I- Présentation des auteurs et leurs œuvres

1- Camille Amouro et « Goli »

√ Camille Amouro

Né le 26 juin 1963 à Boukoumbé au Bénin, Camille Amouro fit ses études secondaires et supérieures en Lettres Modernes respectivement à Cotonou et à l’Université Nationale du Bénin.  Ensuite, il suivit plusieurs stages d’entrepreneur culturel en Afrique et en France. Boursier de la Fondation Beaumarchais, il a bénéficié, en 1990, d’une résidence d’écriture à Limoges dans le cadre du Festival International des Francophonies. Il est poète, dramaturge et metteur en scène. Amouro a publié de nombreux poèmes dans les revues Prométhée, La Plume, Ecritures nouvelles et Après-demain. En décembre 1993, il devint directeur de la Médiathèque des Diasporas, un espace culturel installé depuis janvier 1990 à la Place du Souvenir (ex Place des Martyrs) à Cotonou. Son travail de création dramaturgique tourne dès lors autour de la promotion du Salamè, forme d’expression humoristique propre au peuple du Golfe du Bénin. C’est évidemment ce qui lui a permis le titre de Salamê.

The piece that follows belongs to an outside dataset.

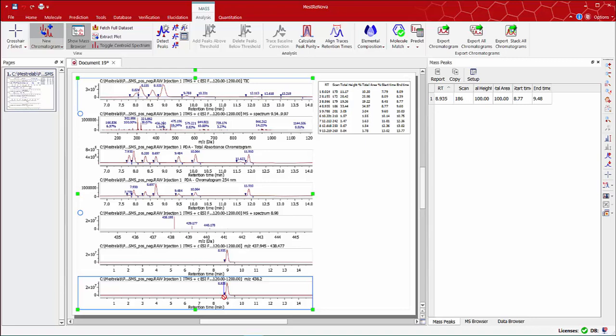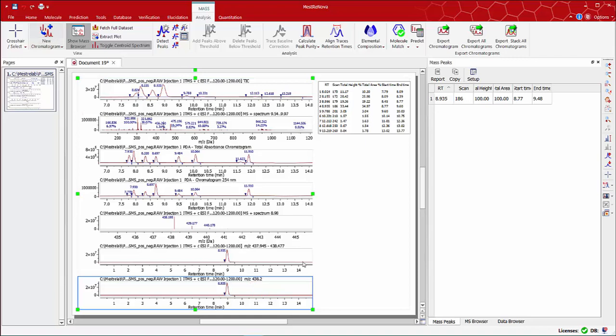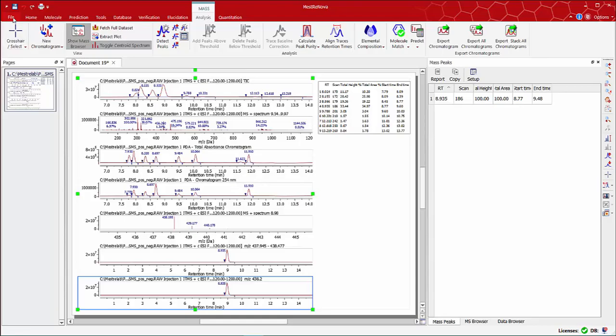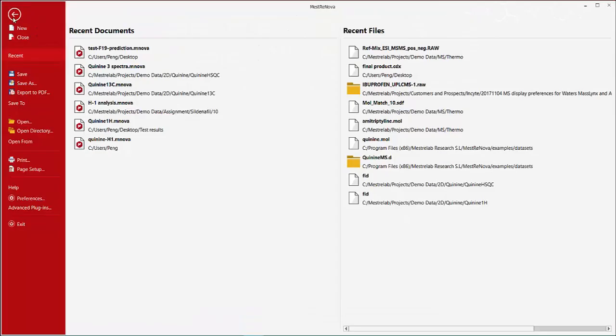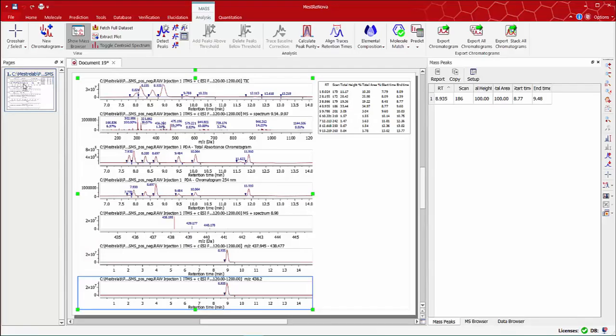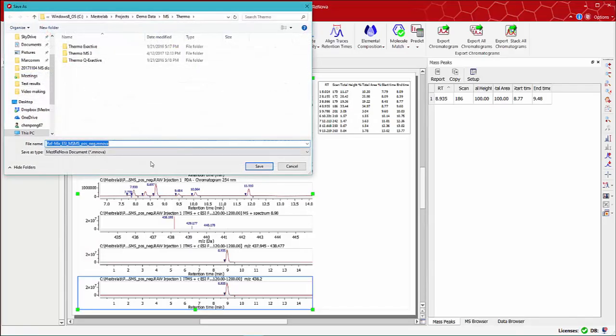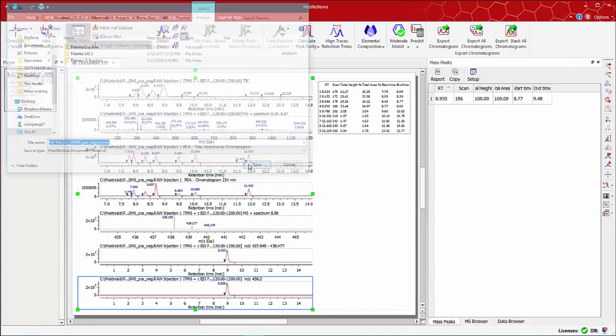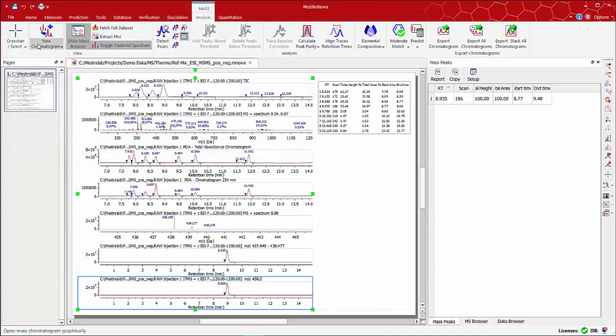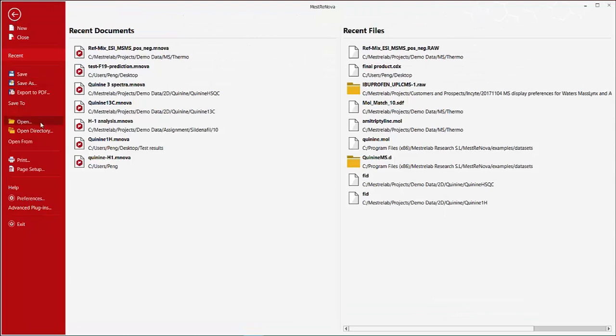To conclude this basic part of the MNOVA MS plugin description, just mention that any individual object selected from the main window can be copied into your preferred reporting system, PowerPoint, Word document, etc. You can save it as an MNOVA document, or you can generate a PDF report using the Export PDF option.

 Les écrits de Camille Amouro

 – Miagbadogo (recueil de poèmes). Cotonou: Editions Camoura, 1988.

Goli (théâtre). Canières (Belgique): Editions Lansman, 1991.

 – Les rescapés de l’anti-univers (1988), — Retour auxsources (1989),

La traversée (1990),

Conférence de presse du premier ministre sur les tenants et aboutissants de la nouvelle démocratie (1991),

Guadalupe (1993),

La femme du président (1993),

Le retour des rapaces (1993),

Les enfants de Kigali (1994).

Salamê et communication, Cotonou, Diasporas

« Goli » in Salamê

La pièce « Goli » se déroule en trois temps: un matin, un midi et un soir, qui en sont la structure. Elle relate les actions révolutionnaires de Lawin Jagun, un jeune diplômé en Énergie scolaire à Paris. Retourné dans son Goli natal, il se confronte à la misère de la masse et la <<mauvaise foi>> des autorités politco-administratives. Lawin conçoit, d’abord, un projet de mariage avec Déborah, la sœur utérine d’Olulu, le chef de Goli. En un rien de temps, il réveille le peuple à une prise de conscience en sensibilisant les femmes de son milieu, en convainquant les hommes et en faisant affront au maire et au député de Goli. Cet outrage lui a coûté la vie par un accident artificiel malgré le fait qu’il ait échappé à la première tentative d’arrestation grâce au chauffeur du ministre. Ainsi, tombe à l’eau son projet de mariage et de destitution du régime politique de son pays  à cause de sa fin tragique.

  • Etude thématique

 Cette pièce se donne comme un recevoir de plusieurs thèmes. On peut  citer entre autres

 Le militantisme

Il peut se définir comme une attitude d’une personne qui lutte, combat pour une idée, un parti, une cause. C’est le zèle dont fait preuve un miliant pour rallier des personnes autour d’une idéologie ou une cause. Goli se veut un théâtre d’actions révolutionnaires en vue de renverser le régime politique en place. Nous devons ces actions au personnage de Lawin. Dans l’œuvre, on peut citer en illustration : « […],Vive la liberté. Nous organiserons l’histoire de ce peuple comme des mères de famille.»(p.154) ; « Il a rencontré tous les mécontents »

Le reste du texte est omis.